• Problem requirements
Please restate the data word for word, in full.

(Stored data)

☆ ☆ ☆ ☆

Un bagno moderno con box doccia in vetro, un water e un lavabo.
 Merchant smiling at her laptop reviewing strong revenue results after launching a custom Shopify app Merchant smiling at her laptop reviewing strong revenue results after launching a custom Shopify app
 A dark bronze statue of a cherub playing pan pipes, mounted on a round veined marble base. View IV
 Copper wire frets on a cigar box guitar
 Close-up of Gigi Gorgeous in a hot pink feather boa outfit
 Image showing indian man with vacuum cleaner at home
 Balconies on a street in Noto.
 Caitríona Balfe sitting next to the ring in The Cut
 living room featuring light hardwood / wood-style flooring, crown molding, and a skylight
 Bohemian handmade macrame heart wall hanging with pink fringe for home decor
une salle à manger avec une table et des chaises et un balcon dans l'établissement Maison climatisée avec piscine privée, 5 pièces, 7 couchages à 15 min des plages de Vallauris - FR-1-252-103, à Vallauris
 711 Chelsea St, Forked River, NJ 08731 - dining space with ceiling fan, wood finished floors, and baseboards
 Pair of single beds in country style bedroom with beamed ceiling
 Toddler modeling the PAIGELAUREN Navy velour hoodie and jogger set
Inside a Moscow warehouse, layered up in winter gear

☆ ☆ ☆ ☆

• Result for this task
Un bagno moderno con box doccia in vetro, un water e un lavabo.
 Merchant smiling at her laptop reviewing strong revenue results after launching a custom Shopify app Merchant smiling at her laptop reviewing strong revenue results after launching a custom Shopify app
 A dark bronze statue of a cherub playing pan pipes, mounted on a round veined marble base. View IV
 Copper wire frets on a cigar box guitar
 Close-up of Gigi Gorgeous in a hot pink feather boa outfit
 Image showing indian man with vacuum cleaner at home
 Balconies on a street in Noto.
 Caitríona Balfe sitting next to the ring in The Cut
 living room featuring light hardwood / wood-style flooring, crown molding, and a skylight
 Bohemian handmade macrame heart wall hanging with pink fringe for home decor
une salle à manger avec une table et des chaises et un balcon dans l'établissement Maison climatisée avec piscine privée, 5 pièces, 7 couchages à 15 min des plages de Vallauris - FR-1-252-103, à Vallauris
 711 Chelsea St, Forked River, NJ 08731 - dining space with ceiling fan, wood finished floors, and baseboards
 Pair of single beds in country style bedroom with beamed ceiling
 Toddler modeling the PAIGELAUREN Navy velour hoodie and jogger set
Inside a Moscow warehouse, layered up in winter gear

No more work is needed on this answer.